How Explain Data Works
Use Explain Data as an incremental, jumping-off point for further exploration of your data. The possible explanations that it generates help you to see the different values that make up or relate to an analyzed mark in a view. It can tell you about the characteristics of the data points in the data source, and how the data might be related (correlations) using statistical modeling. These explanations give you another tool for inspecting your data and finding interesting clues about what to explore next.
Note: Explain Data is a tool that uncovers and describes relationships in your data. It can't tell you what is causing the relationships or how to interpret the data. You are the expert on your data. Your domain knowledge and intuition is key in helping you decide what characteristics might be interesting to explore further using different views.
For related information on how Explain Data works, and how to use Explain Data to augment your analysis, see these Tableau Conference presentations:
What Explain Data is (and isn’t)
Explain Data is:
- A tool and a workflow that leverages your domain expertise.
- A tool that surfaces relationships in your data and recommends where to look next.
- A tool and a workflow that helps expedite data analysis and make data analysis more accessible to a broader range of users.
Explain Data is not:
- A statistical testing tool.
- A tool to prove or disprove hypotheses.
- A tool that is giving you an answer or telling you anything about causality in your data.
When running Explain Data on marks, keep the following points in mind:
-
Use granular data that can be aggregated. This feature is designed explicitly for the analysis of aggregated data. This means that your data must be granular, but the marks that you select for Explain Data must be aggregated or summarized at a higher level of detail. Explain Data can't be run on disaggregated marks (row-level data) at the most granular level of detail.
-
Consider the shape, size, and cardinality of your data. While Explain Data can be used with smaller data sets, it requires data that is sufficiently wide and contains enough marks (granularity) to be able to create a model.
-
Don't assume causality.

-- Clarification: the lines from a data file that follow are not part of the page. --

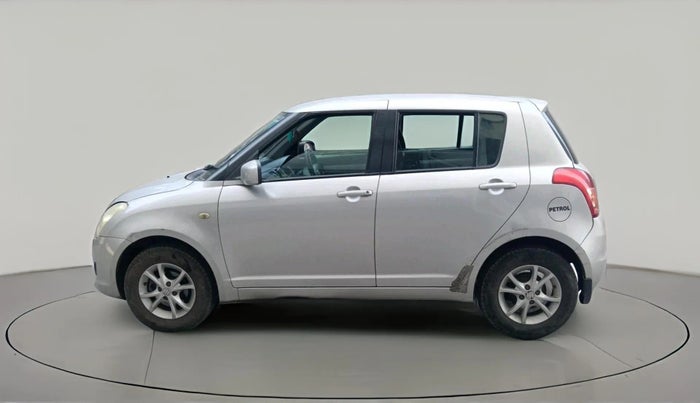 2010 Maruti Swift VXI, Petrol, Manual, 1,30,063 km, exterior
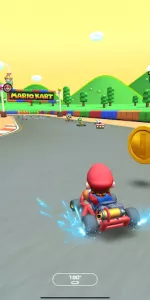 Mario Kart Tour app screenshot 16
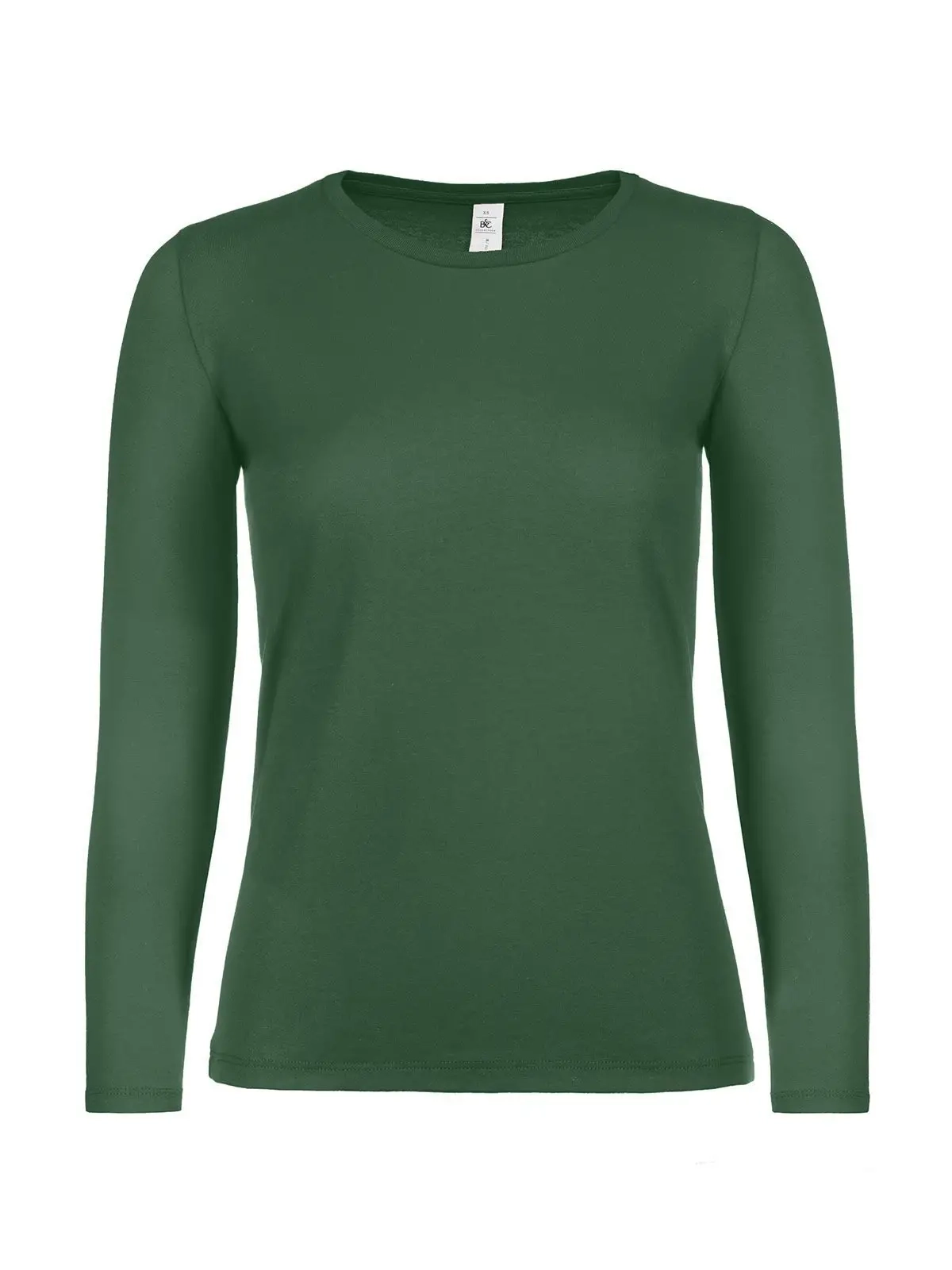 Immagine T-shirt manica corta B&C #E150 LSL /women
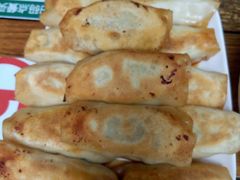 藤椒牛肉锅贴-金谷园饺子·烧烤·家宴(人大总店)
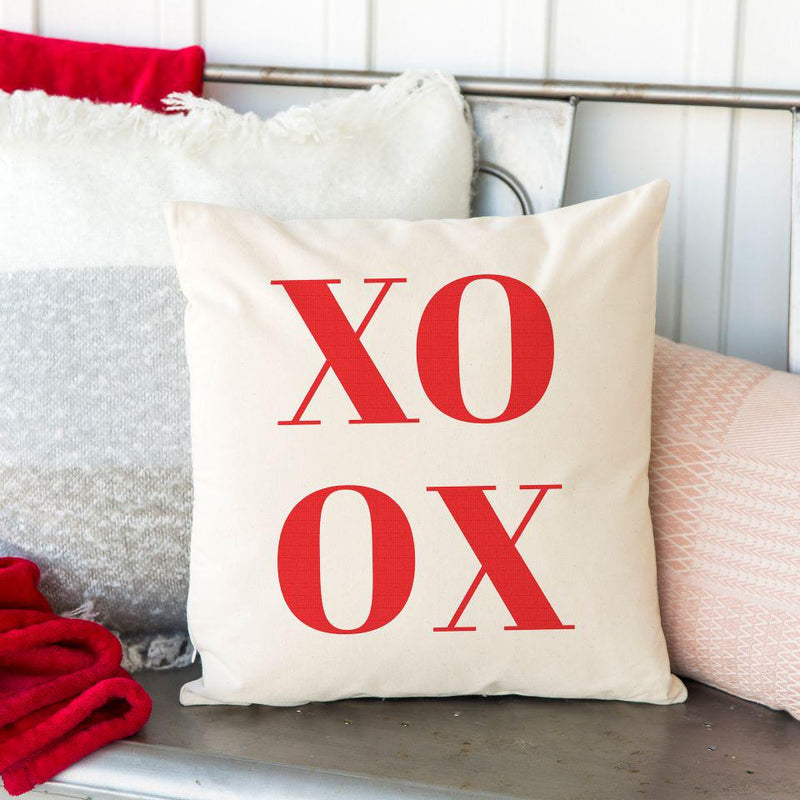 Love Throw Pillow Covers Gift Set of 4 -  - Qualtry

Correlation is not causation. Explanations are based on models of the data, but are not causal explanations.
A correlation means that a relationship exists between some data variables, say A and B. You can't tell just from seeing that relationship in the data that A is causing B, or B is causing A, or if something more complicated is actually going on. The data patterns are exactly the same in each of those cases and an algorithm can't tell the difference between each case. Just because two variables seem to change together doesn't necessarily mean that one causes the other to change. A third factor could be causing them both to change, or it may be a coincidence and there might not be any causal relationship at all.
However, you might have outside knowledge that is not in the data that helps you to identify what's going on. A common type of outside knowledge would be a situation where the data was gathered in an experiment. If you know that B was chosen by flipping a coin, any consistent pattern of difference in A (that isn't just random noise) must be caused by B. For a longer, more in-depth description of these concepts, see the article Causal inference in economics and marketing(Link opens in a new window) by Hal Varian.
How explanations are analyzed and evaluated
Explain Data runs a statistical analysis on a dashboard or sheet to find marks that are outliers, or specifically on a mark you select. The analysis also considers possibly related data points from the data source that aren't represented in the current view.
Explain Data first predicts the value of a mark using only the data that is present in the visualization. Next, data that is in the data source (but not in the current view) is considered and added to the model. The model determines the range of predicted mark values, which is within one standard deviation of the predicted value.
What is an expected range?
The expected value for a mark is the median value in the expected range of values in the underlying data in your viz. The expected range is the range of values between the 15th and 85th percentile that the statistical model predicts for the analyzed mark. Tableau determines the expected range each time it runs a statistical analysis on a selected mark.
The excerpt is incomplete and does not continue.